According to the U.S. Constitution, police powers are supposed to be reserved for paid public servants, subject to legal constraints that protect and uphold the individual rights of the accused. Every American is entitled to rigorous due process where the individual is presumed innocent, and where disinterested parties are to render a verdict of guilt only after careful consideration.
But most homeowners and residents recognize that due process in their association is more like “kangaroo court,” devoid of any semblance of civil procedure, neutrality, or adult supervision.
Furthermore, in most associations, the rules themselves are vague, unreasonable, or blatantly unconstitutional. Outside of an association-governed CIC, for example, it would be illegal to fine or otherwise penalize a homeowner for painting their house a distasteful color, failing to store their trash cans in their garage, or hanging a seasonal decoration on their apartment door. Somehow, these ridiculous rules are enforced with vigor in some CICs, to the point of resulting litigation or threats of foreclosure. The punishment hardly fits the “crime.”

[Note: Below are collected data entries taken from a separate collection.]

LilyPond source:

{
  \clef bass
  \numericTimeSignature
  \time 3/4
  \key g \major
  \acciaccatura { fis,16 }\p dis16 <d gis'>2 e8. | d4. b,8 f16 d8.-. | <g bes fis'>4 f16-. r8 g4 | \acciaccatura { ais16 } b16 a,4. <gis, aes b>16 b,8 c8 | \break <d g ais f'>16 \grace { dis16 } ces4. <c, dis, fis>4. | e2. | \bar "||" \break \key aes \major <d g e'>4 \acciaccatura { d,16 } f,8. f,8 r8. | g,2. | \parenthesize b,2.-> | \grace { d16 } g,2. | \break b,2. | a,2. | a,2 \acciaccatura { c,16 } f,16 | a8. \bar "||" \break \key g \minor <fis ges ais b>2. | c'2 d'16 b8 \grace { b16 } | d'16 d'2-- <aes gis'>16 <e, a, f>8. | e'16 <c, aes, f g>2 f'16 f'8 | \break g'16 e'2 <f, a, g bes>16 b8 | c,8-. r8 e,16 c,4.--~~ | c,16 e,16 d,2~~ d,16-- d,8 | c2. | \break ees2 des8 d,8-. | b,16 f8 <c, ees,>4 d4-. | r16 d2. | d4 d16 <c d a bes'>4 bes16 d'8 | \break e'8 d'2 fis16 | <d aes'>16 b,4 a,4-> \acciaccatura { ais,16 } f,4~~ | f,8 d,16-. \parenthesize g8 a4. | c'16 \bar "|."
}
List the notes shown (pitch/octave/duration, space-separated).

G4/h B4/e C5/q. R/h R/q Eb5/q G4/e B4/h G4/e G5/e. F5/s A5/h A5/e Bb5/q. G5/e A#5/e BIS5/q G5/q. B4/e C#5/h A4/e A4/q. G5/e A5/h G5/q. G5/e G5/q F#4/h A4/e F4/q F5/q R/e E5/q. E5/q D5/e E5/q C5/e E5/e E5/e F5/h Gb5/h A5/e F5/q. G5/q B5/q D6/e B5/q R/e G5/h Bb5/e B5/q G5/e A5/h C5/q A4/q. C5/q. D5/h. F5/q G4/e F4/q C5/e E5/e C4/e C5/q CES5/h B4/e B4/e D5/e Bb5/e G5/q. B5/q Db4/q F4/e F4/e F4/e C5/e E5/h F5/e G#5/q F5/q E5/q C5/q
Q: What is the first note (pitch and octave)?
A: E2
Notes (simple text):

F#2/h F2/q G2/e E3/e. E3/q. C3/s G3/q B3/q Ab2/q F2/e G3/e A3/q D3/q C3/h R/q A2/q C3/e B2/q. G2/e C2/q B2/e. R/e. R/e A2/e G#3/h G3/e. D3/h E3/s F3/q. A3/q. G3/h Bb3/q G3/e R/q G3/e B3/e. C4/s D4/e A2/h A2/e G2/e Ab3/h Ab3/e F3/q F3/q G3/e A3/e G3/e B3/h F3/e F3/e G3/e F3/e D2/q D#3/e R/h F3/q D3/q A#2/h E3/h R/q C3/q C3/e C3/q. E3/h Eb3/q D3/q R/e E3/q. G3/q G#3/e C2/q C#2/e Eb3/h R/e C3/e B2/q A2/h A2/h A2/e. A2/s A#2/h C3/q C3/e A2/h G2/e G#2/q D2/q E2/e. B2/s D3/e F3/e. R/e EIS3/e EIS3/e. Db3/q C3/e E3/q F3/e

In order to solve CIC governance problems, it’s time to think outside the CIC box. We need to unwind collective ownership and common interest entanglements in existing developments, on a case by case basis. At the same time, we need to stop creating new CICs. Doing so automatically eliminates the necessity of an association to “police” its members, resolve its own conflicts, elect a volunteer homeowner board, and hire “professional” managers. Minimizing or eliminating common interests shifts responsibility for public administration back to municipalities and counties, where it rightfully belongs, under Constitutional constraints and rule of law with respect for individual rights.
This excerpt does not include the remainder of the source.